Sit in church and listen to stories (or in the big megachurches, watch videos) of other people living their lives, and doing things it’s just assumed that you’ll never do. Because you’re you, but they are them. They are special - prophets and angels. You are sinners – nothing in yourselves. If you’re special, it’s only because Somebody Special made you. All you get to do is vote yea or nay. (But really, with the fear of hell thrown in, it’s not a true choice, is it?)
Do you begin to see my point about how religion was the first form of television? God was the world’s first celebrity.
No wonder Americans don’t believe in evolution! No wonder! When you have been brainwashed to believe that you “lack the capacity for self-transformation,” how in hell can you believe that an amphibian or an ape has great potential? How can you believe that nature itself does? Is it a coincidence that this idea of our personal inability and insufficiency has taken hold at a time in our nation’s history when more people mistakenly believe that IQ is static and strictly inherited, that one’s status in life is determined by one’s parents? (We still give lip-service to the bootstrap idea but surveys show that increasingly, Americans believe status in society is genetically determined.)
And so people invoke God, and show more interest in His supposed hijinks than in living their own lives. I have no problem with what people believe but holy Toledo, today it's walk your dog with Jesus, take a shower with Jesus, go to a megachurch and be surrounded by thousands of people (yeah, that's real personal) all doing the same thing like they belong to some kind of cult.
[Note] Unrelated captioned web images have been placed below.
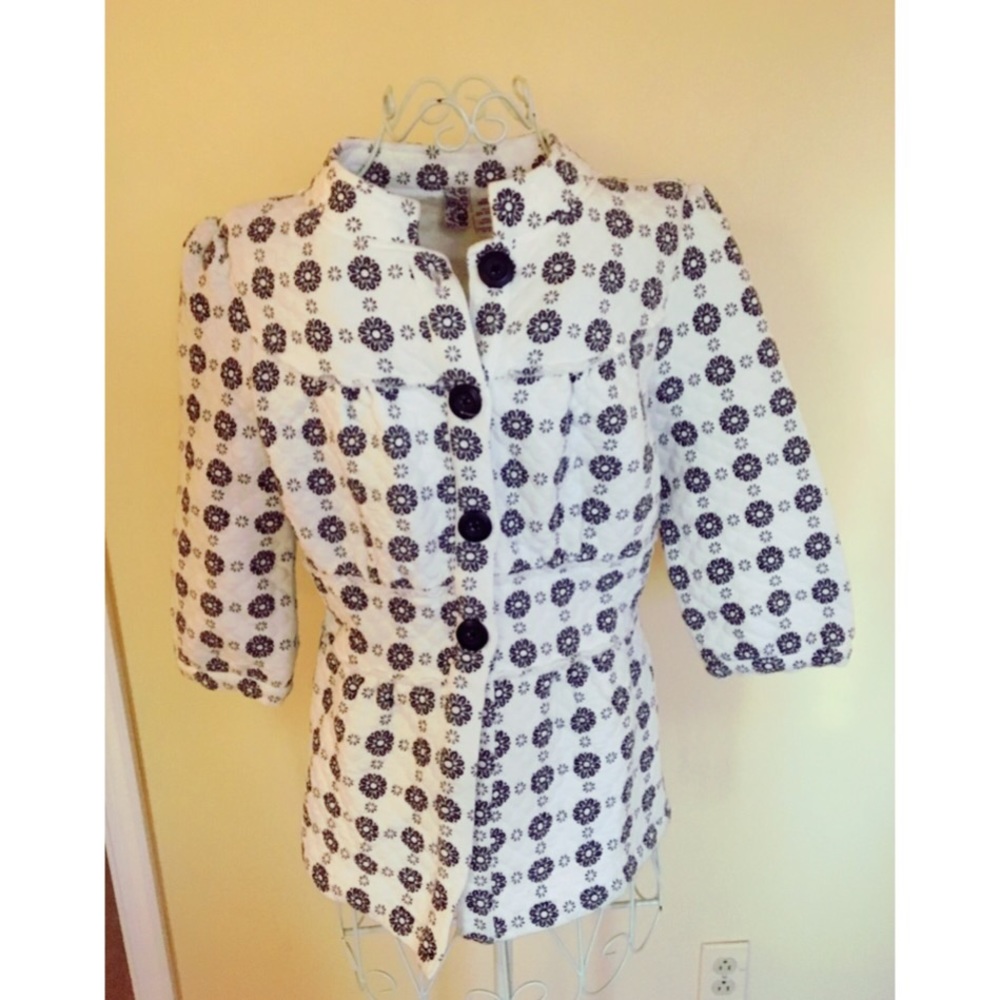 Fashionable Buckle Jacket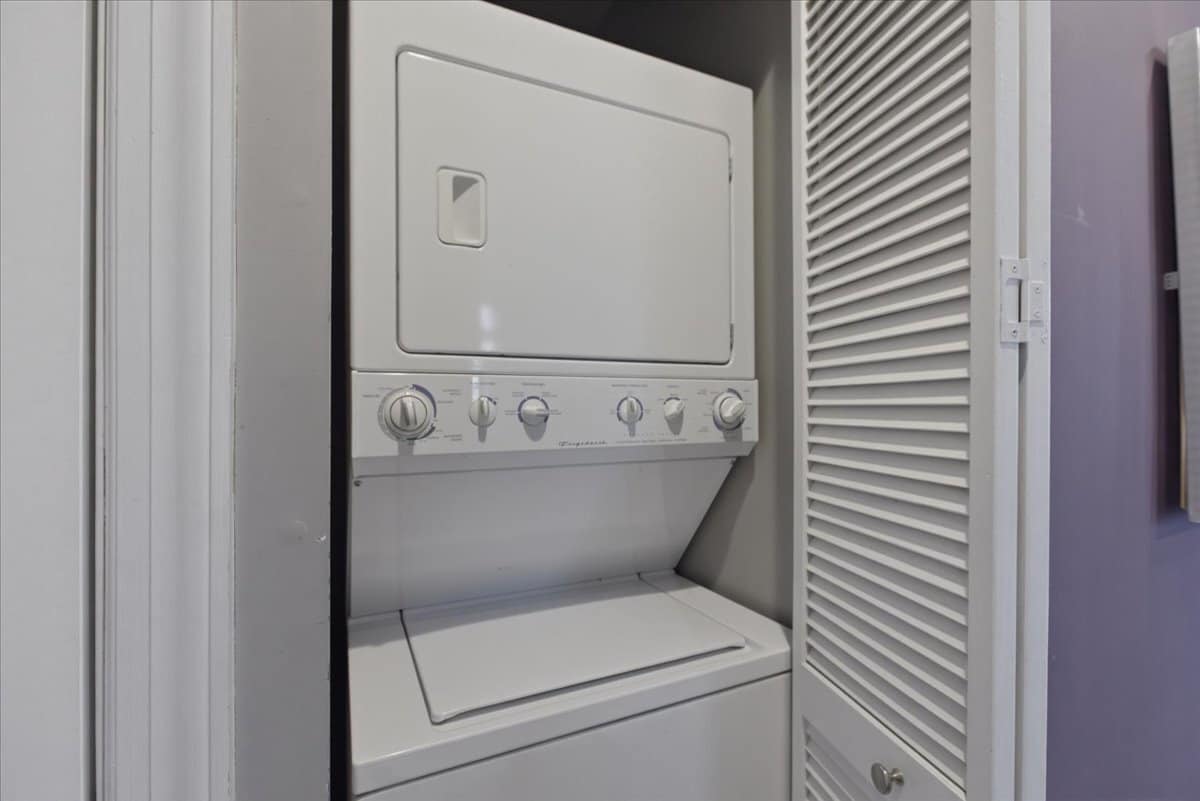 Building Photo - 36 S Ashland Ave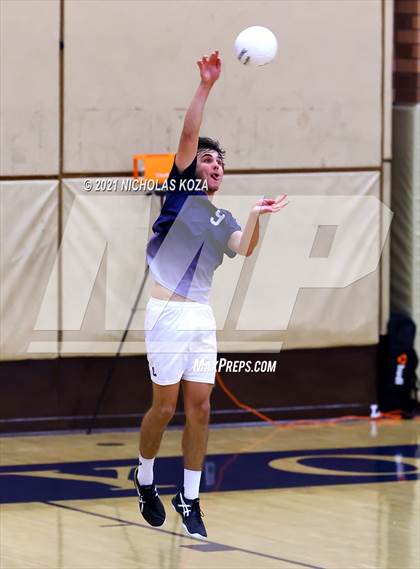 Thumbnail 3 in Redondo Union vs. Loyola (CIF SS D1 Playoffs) photogallery.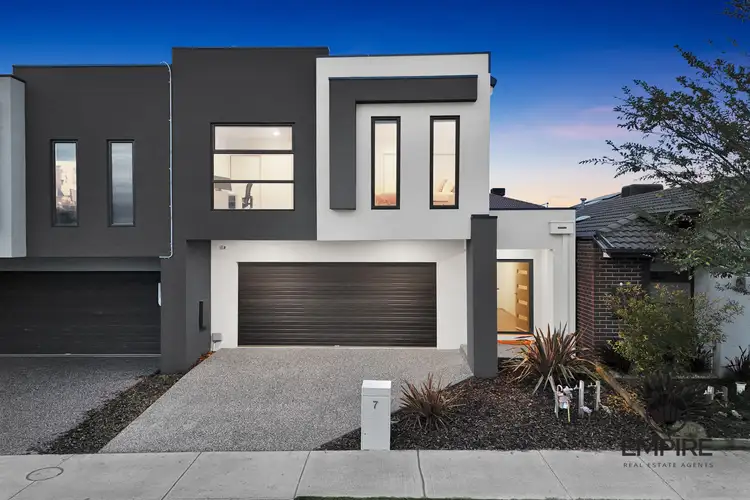 7 Walhallow Drive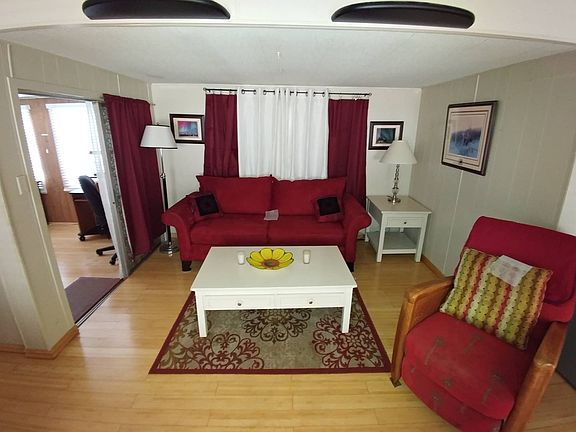 5th image of 3621 Luau St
Don't be an individual; don't be yourself. Nature must be acted upon from the outside, right? Just like you, you miserable sinner. Because nature is artificial and so are you. You’re a product, a thing, which suddenly appeared out of thin air like a rabbit out of a hat. “It takes more faith” to believe in the ongoing self-transformation of nature than to blurt out Goddidit, right? Just like it takes more faith to believe that a little girl from a redneck town in Minnesota could associate with “those people” and even be interesting to them, than to believe that she’ll get into some horrible kind of trouble and need to be rescued from her folly.
Well, I think it is evil to tell people that they lack this capacity. What kind of a faith is that? What kind of spirituality is that?